#### DATA SHOWN
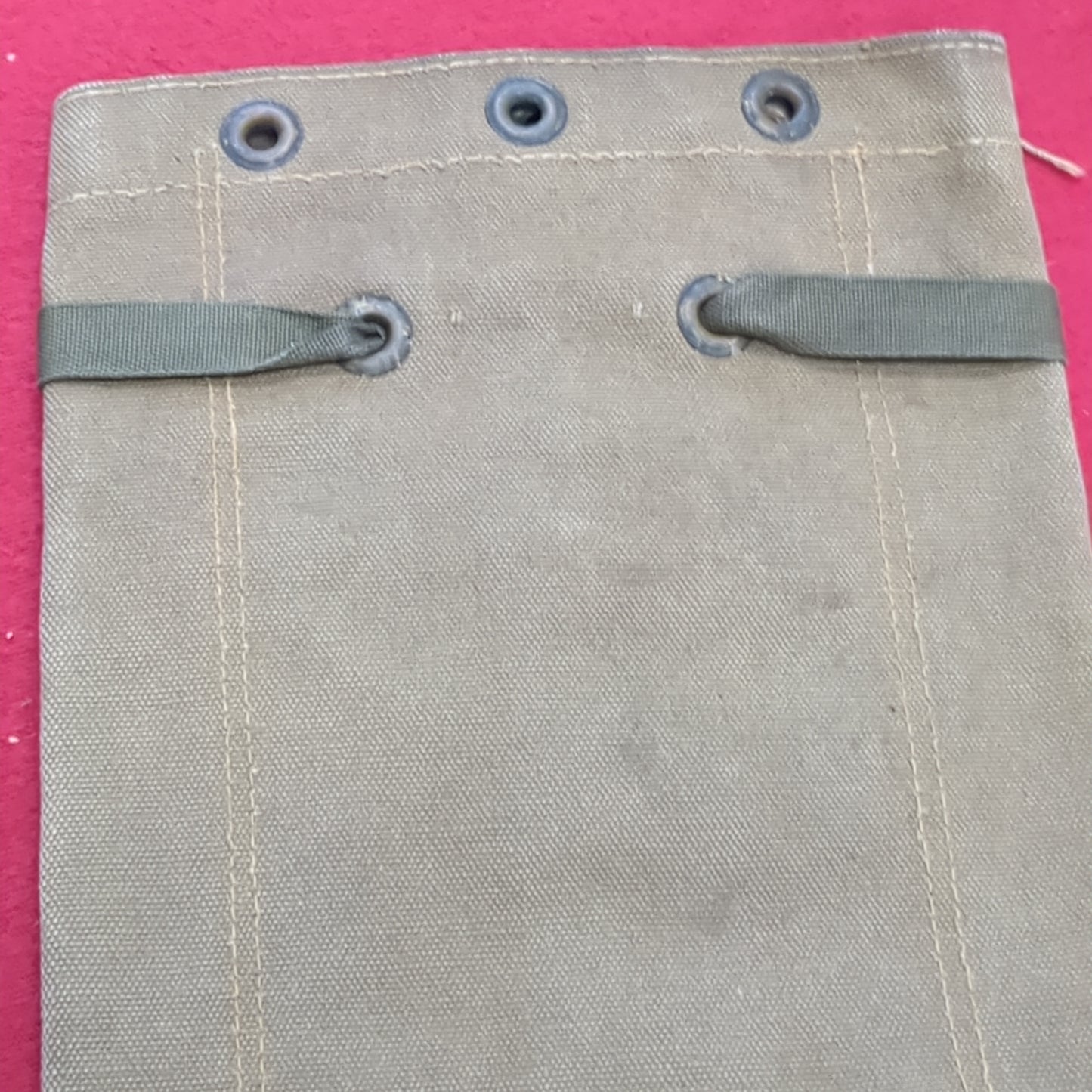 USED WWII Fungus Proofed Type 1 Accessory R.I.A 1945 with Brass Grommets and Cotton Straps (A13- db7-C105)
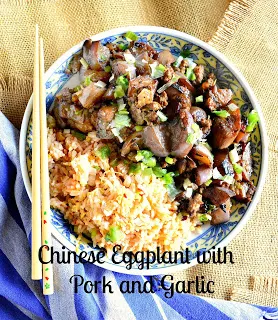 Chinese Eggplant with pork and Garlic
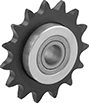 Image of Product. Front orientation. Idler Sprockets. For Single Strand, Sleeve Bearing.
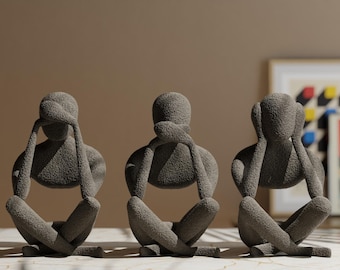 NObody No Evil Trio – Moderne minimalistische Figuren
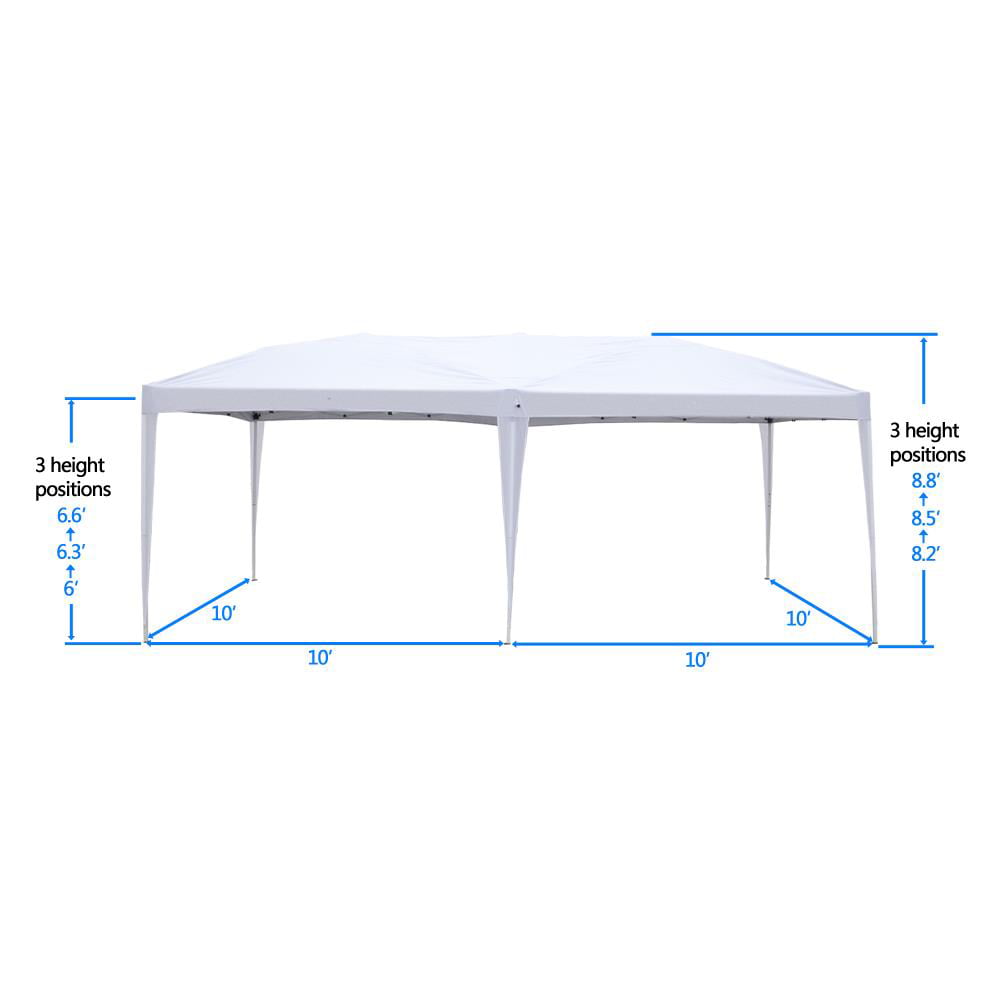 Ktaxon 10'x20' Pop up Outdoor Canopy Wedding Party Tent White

#### ABOUT THIS EXERCISE
Everything in the material goes into the copy exactly, except the images.

#### RESULT OF THIS TASK
 USED WWII Fungus Proofed Type 1 Accessory R.I.A 1945 with Brass Grommets and Cotton Straps (A13- db7-C105)
 Chinese Eggplant with pork and Garlic
 Image of Product. Front orientation. Idler Sprockets. For Single Strand, Sleeve Bearing.
 NObody No Evil Trio – Moderne minimalistische Figuren
 Ktaxon 10'x20' Pop up Outdoor Canopy Wedding Party Tent White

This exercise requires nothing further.